Microphysical Reduction of Vacuum Kernel Tilt and Internal Precession in the Axis Model

This paper completes the microphysical foundations of vacuum anisotropy in the Axis Model by deriving, rather than assuming, the parameters that govern internal orientation and projector-weight suppression in Scenario-B normalization.

Previous work introduced an internal-precession interpretation in which reduced projector weights arise as time-averaged orientation fractions of a coherent internal degree of freedom. While that interpretation successfully explained phenomenology, several key elements were left open: the microscopic origin of the anisotropic kernel, the dynamical timescale controlling the averaging procedure, and the identification of the internal direction probed by gravity.

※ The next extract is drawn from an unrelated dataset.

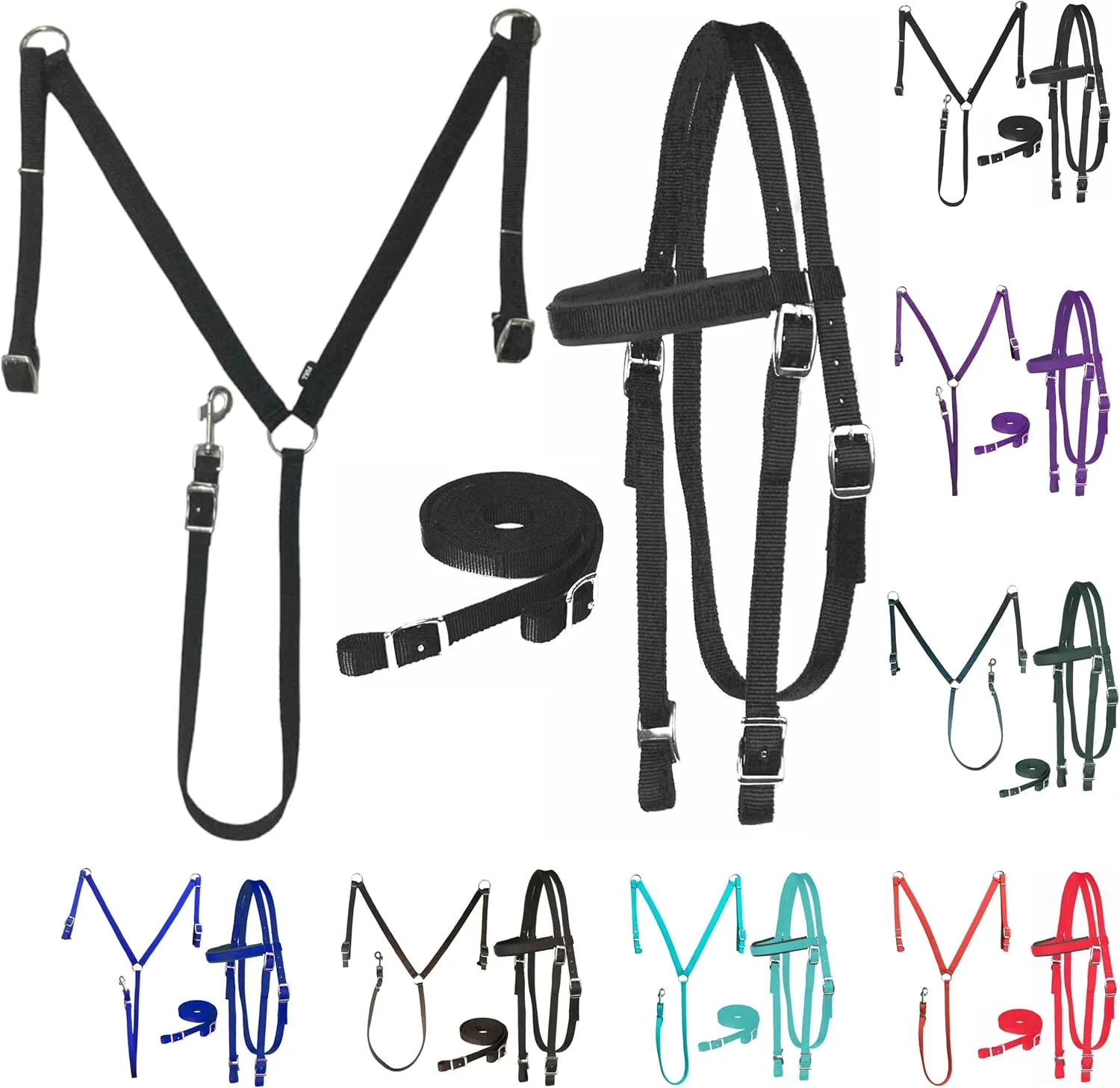 Majestic Ally Nylon Padded Equestrian Browband Headstall, Reins & BreastCollar Set for Horse- Full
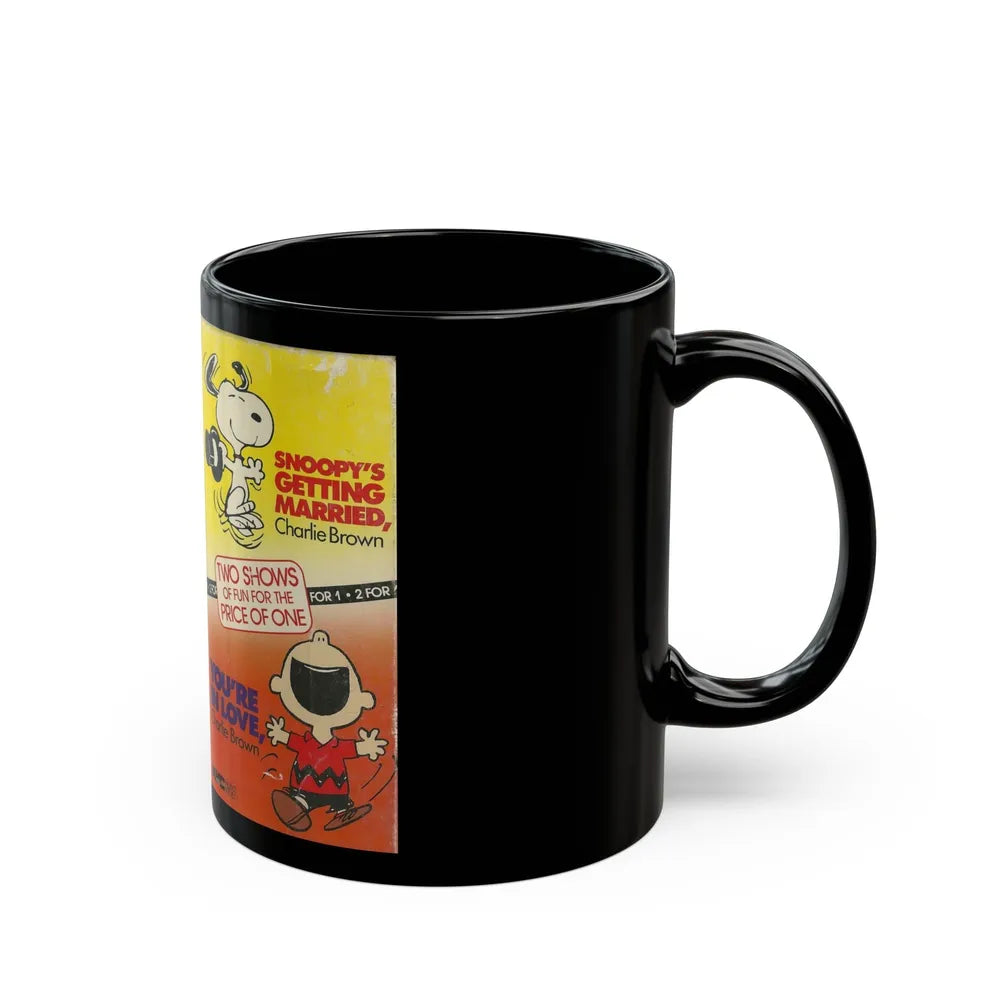 SNOOPYS GETTING MARRIED CHARLIE BROWN AND YOURE IN LOVE CHARLIE BROWN (VHS COVER) - Black Coffee Mug-Go Mug Yourself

Here we close those gaps at quadratic order.

Starting from a generic collective-coordinate Lagrangian for the coherent branch, containing light internal coordinates and heavy locking or mediator modes, we perform a controlled quadratic reduction. Integrating out the heavy sector via a Schur-complement construction yields an effective light-sector kernel and inertia. Canonical normalization then fixes the physical meaning of the anisotropy parameters and removes basis ambiguities. We include the explicit calculation of the precession frequency and timescale validation and include the reproducible code.

This version corrects formatting error only-no change in content.